But he faced heavy criticism from MPs on the committee, including Conservative Alicia Kearns, who was heard to say he ‘couldn’t be bothered’.
The comments came after awkward questions were asked of both the Prime Minister and his deputy, Dominic Raab, by a whistleblower testimony given to the committee.
Former official Mr Marshall, who worked for the Foreign Office during the evacuation effort, claimed of the Afghan nationals who applied to flee under one UK scheme just 5 per cent received help, as a result of the ‘dysfunctional’ and ‘chaotic’ handling of the situation.
Mr Marshall told MPs that some of those hoping to escape were murdered after being left behind in Kabul.

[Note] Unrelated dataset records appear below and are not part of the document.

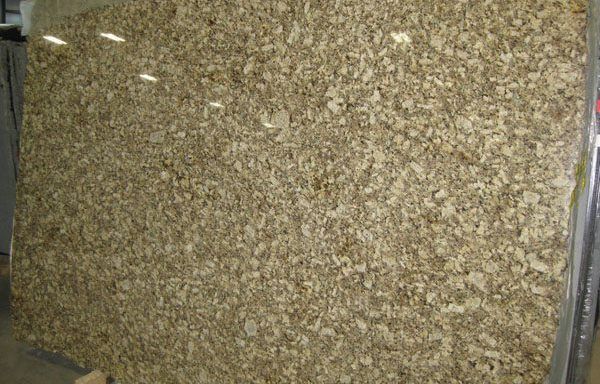 A large piece of granite is sitting on top of a wooden table.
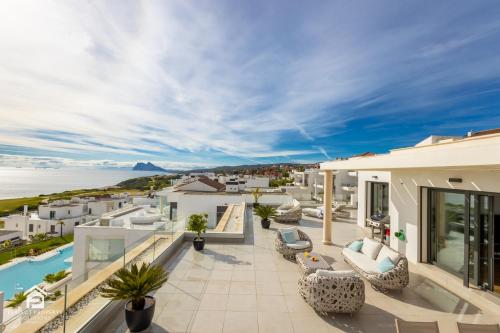 uma casa com uma varanda com vista para o oceano em Luxury penthouse with huge terrace and sea and golf views em San Roque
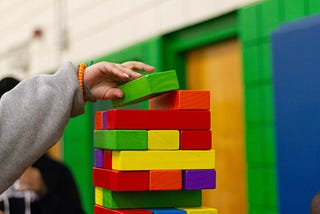 A child stacking colorful blocks. Image added in the context of affordable childcare as a necessity for gender equality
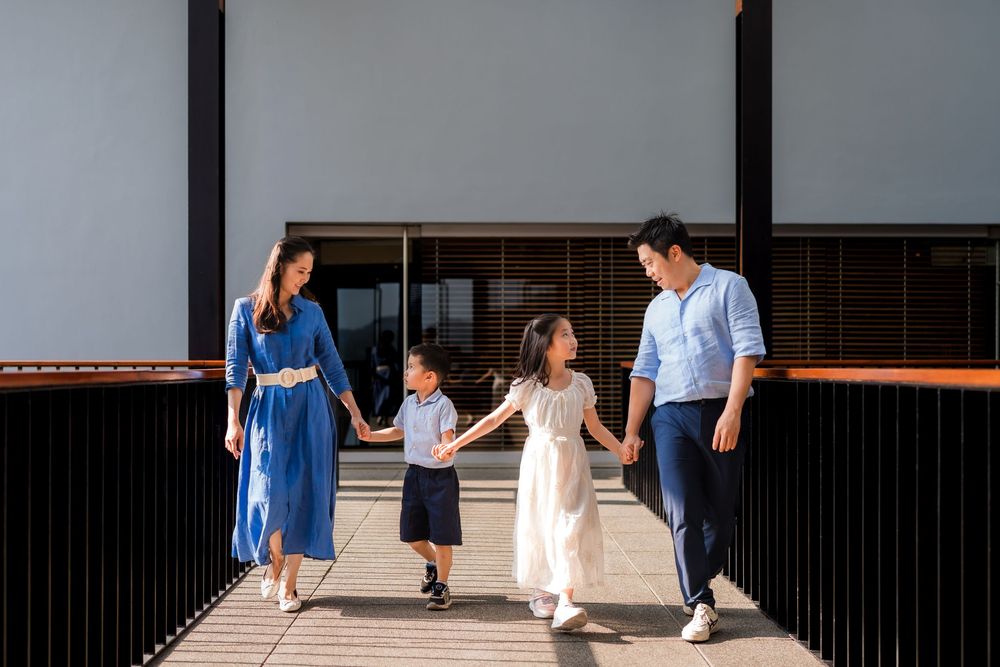 Happy Asian family of four holding hands walking together outside a modern building on a sunny day.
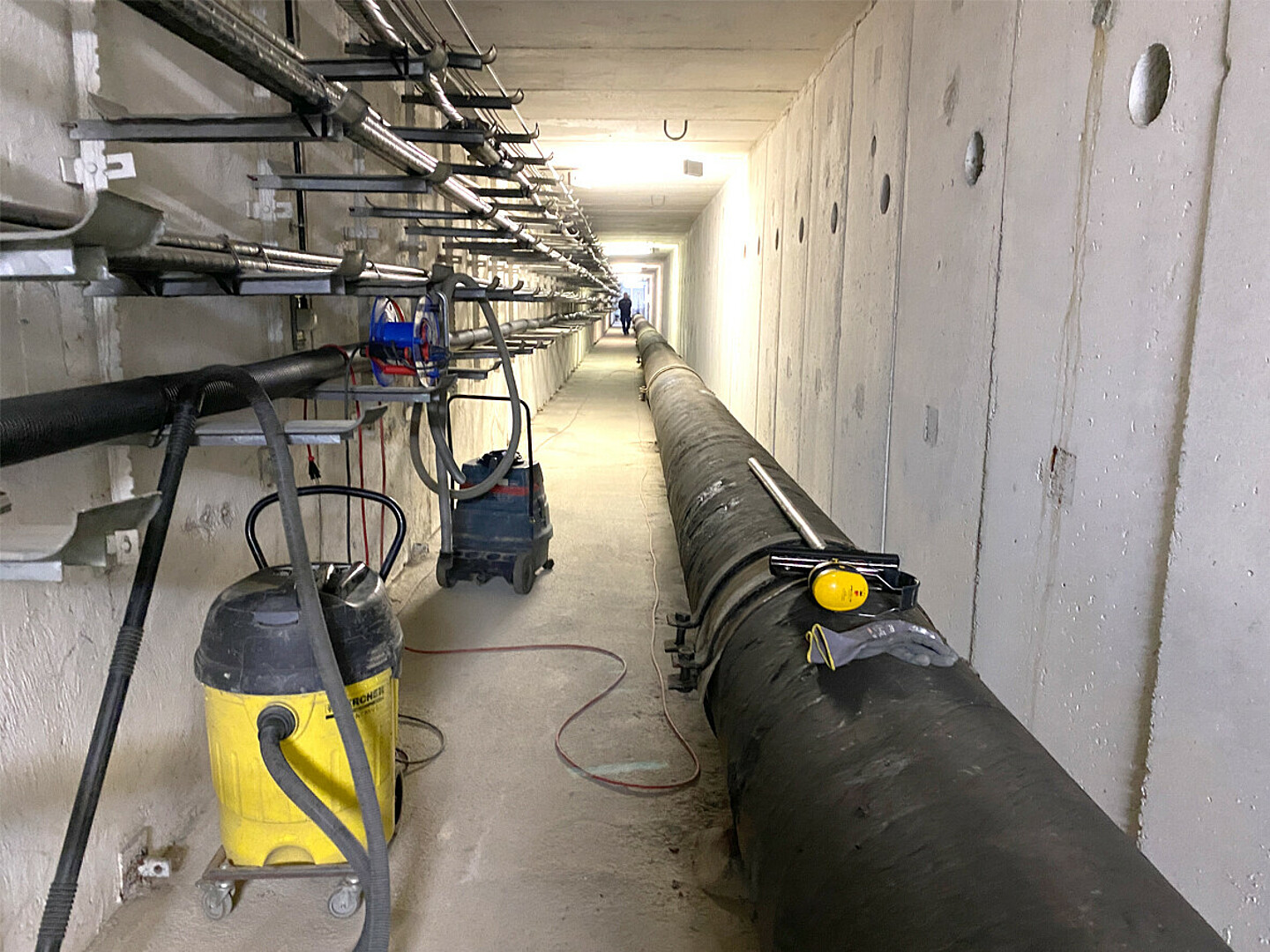 Im Sammelkanal in Marzahn steht ein Staubsauger, am Boden entlang verläuft ein großes Rohr, an der Wand verschiedene Kabel auf Kabelpfannen.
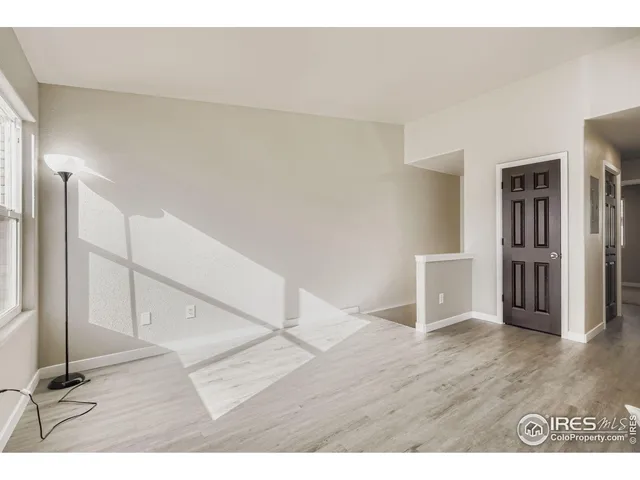 a view of a kitchen with wooden floor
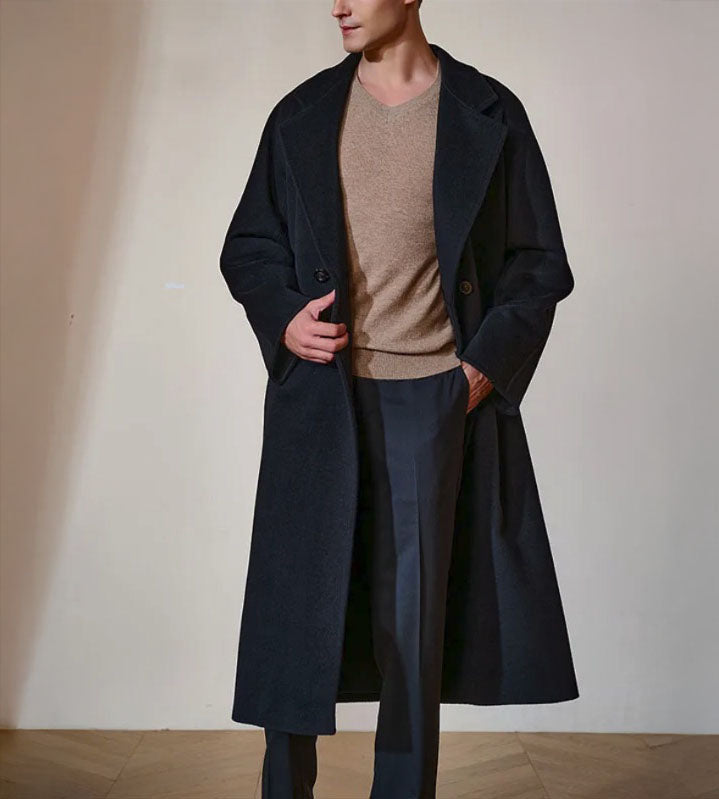 Men’s Double-Breasted Belted Cashmere Coat in Black Pearl, crafted from a luxurious blend of 70% cashmere and 30% high-count wool. Featuring a structured yet fluid silhouette, six-button front, adjustable belt, and sculpted sleeve construction. From Borcelleclothes.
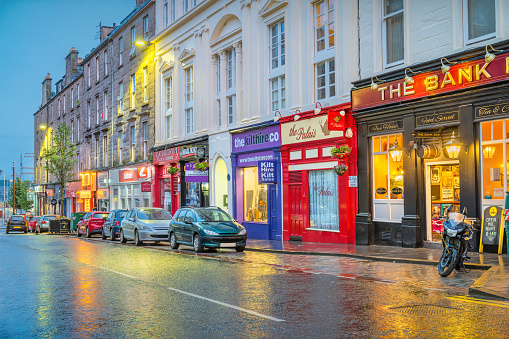 Colorful businesses in downtown Dundee Scotland in the evening
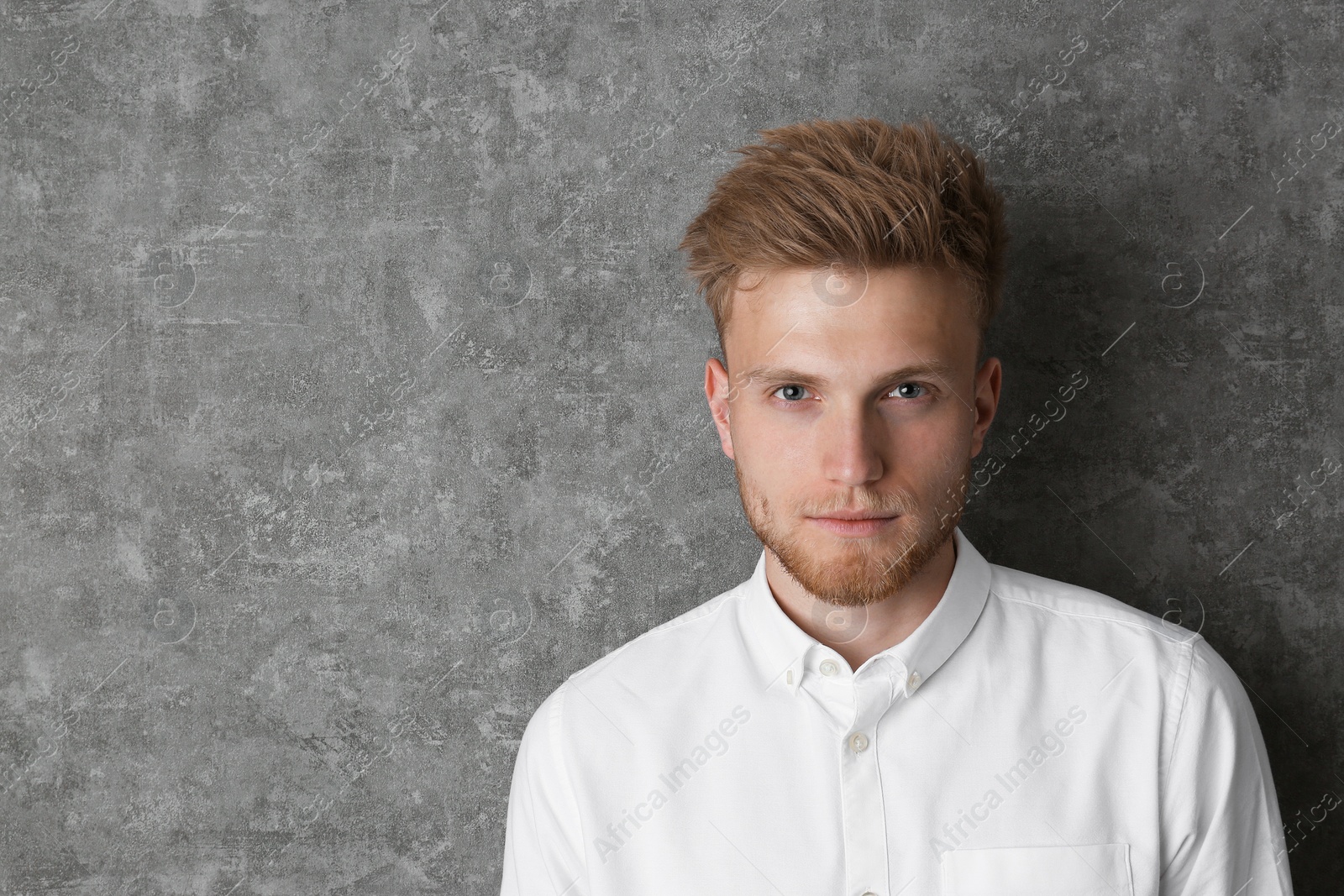 Photo of Portrait of handsome young man near grey wall. Space for text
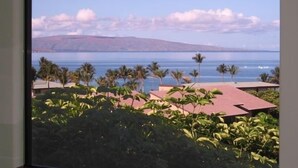 A view of a coastal area with a mountain in the background, palm trees, and buildings with red roofs. - Wailea Ekahi 14F - Best Views -  3 Minutes Walk to Beach (Wailea-Makena)
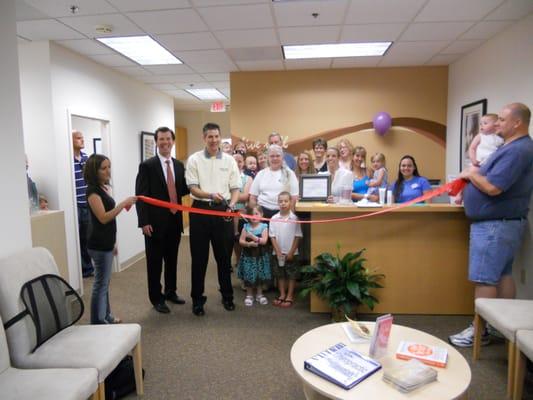 Cutting the tape on the new office!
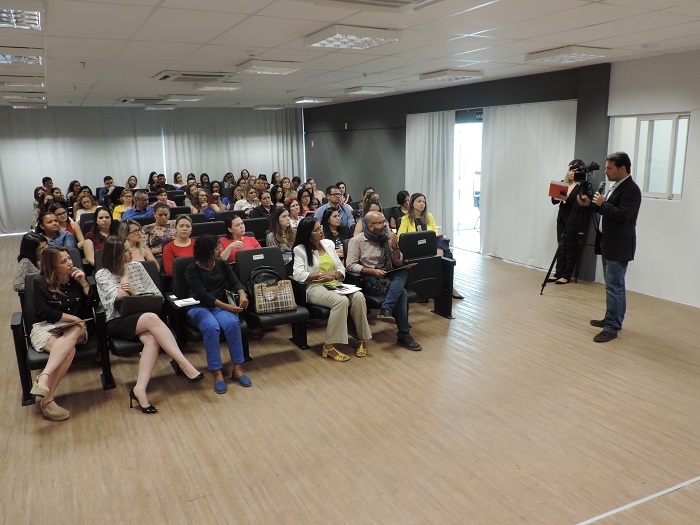 Homem de pé com microfone na mão, enquanto as demais pessoas sentadas e o observam 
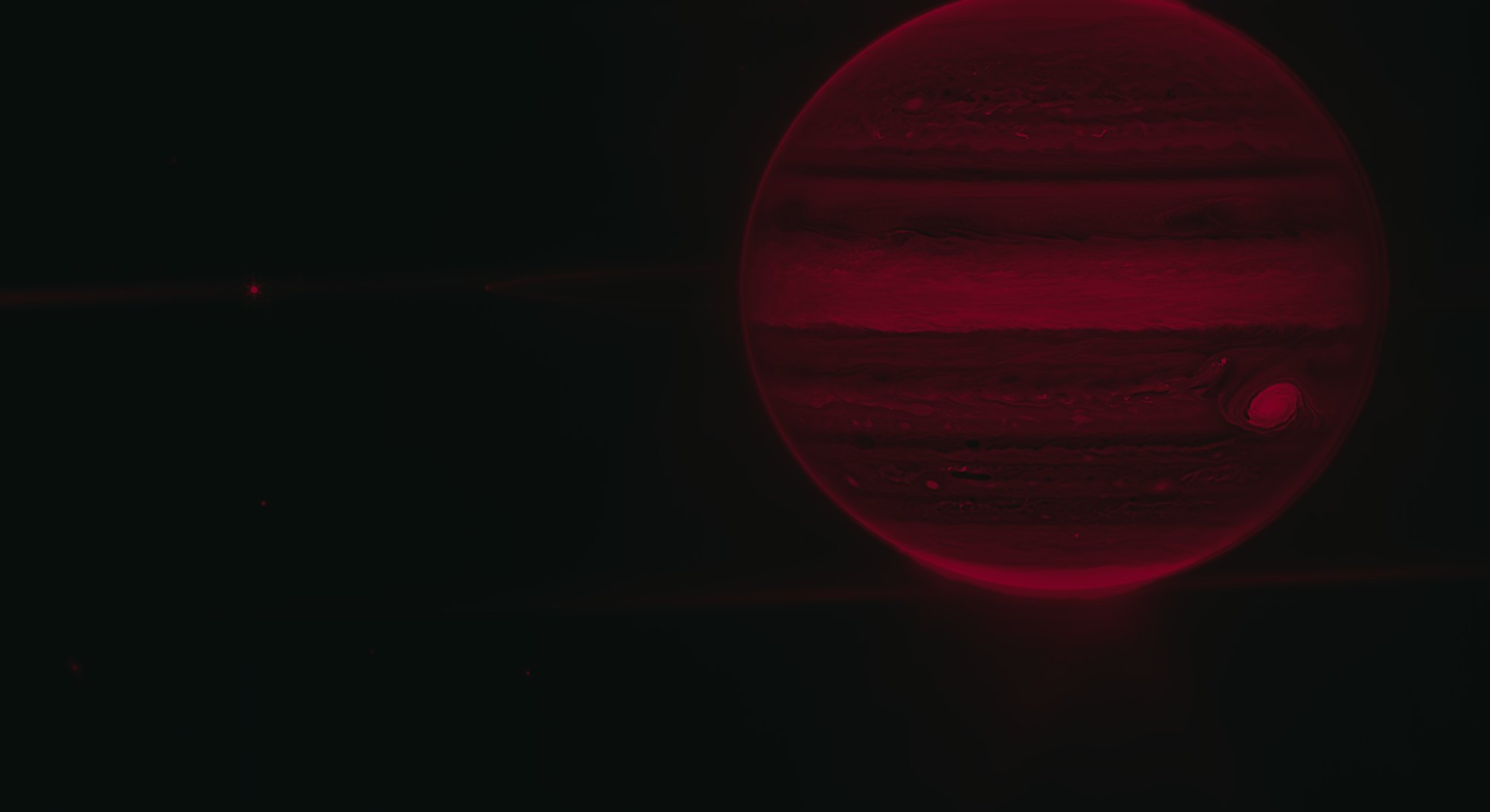 Webb NIRCam composite image from two filters – F212N (orange) and F335M (cyan) – of Jupiter system, ...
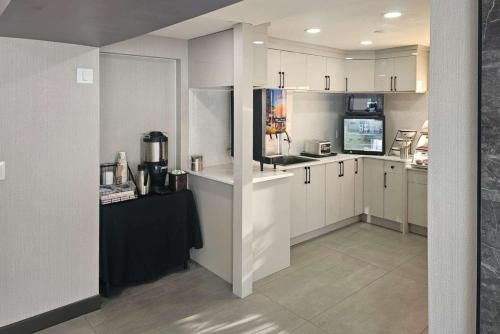 坎卢普斯Rodeway Inn & Suites的厨房配有白色橱柜和黑色台面
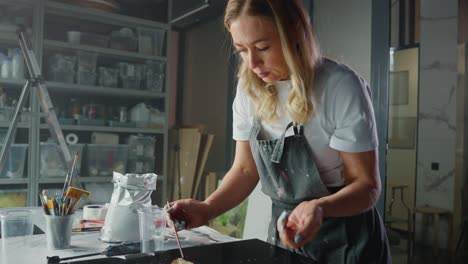 woman artist working on resin art project in studio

A second whistleblower told the BBC’s Newsnight programme that officials had been preoccupied with ‘political fallout’ rather than crisis management during the evacuation of Kabul.
Raphael Marshall (pictured), a junior civil servant, claimed he was at times the only person dealing with thousands of emails from those desperate to flee the Taliban
Taliban fighters pose for a photograph in Kabul, Afghanistan, on August 19 earlier this year
Speaking at the Chatham House policy institute on Wednesday, Ms Truss said: ‘Clearly there are lessons to be learned.
‘The Permanent Secretary is clear that he should have returned from holiday earlier, as was my predecessor.
‘And what I’ve done, since I’ve become Foreign Secretary, is make sure that we have processes in place to address any future issues.’
Ms Truss said there was now better risk monitoring, a better emergency response system, and better processes for deploying staff at speed in the event of a crisis.
And she said: ‘I’m absolutely confident that we now have those processes in place in the event – in the unfortunate event – of a similar situation.
‘It’s worth pointing out though that the situation faced in Afghanistan was the second-largest evacuation that the UK has ever carried out. So I don’t underestimate the challenge that the Foreign Office faced at the time.’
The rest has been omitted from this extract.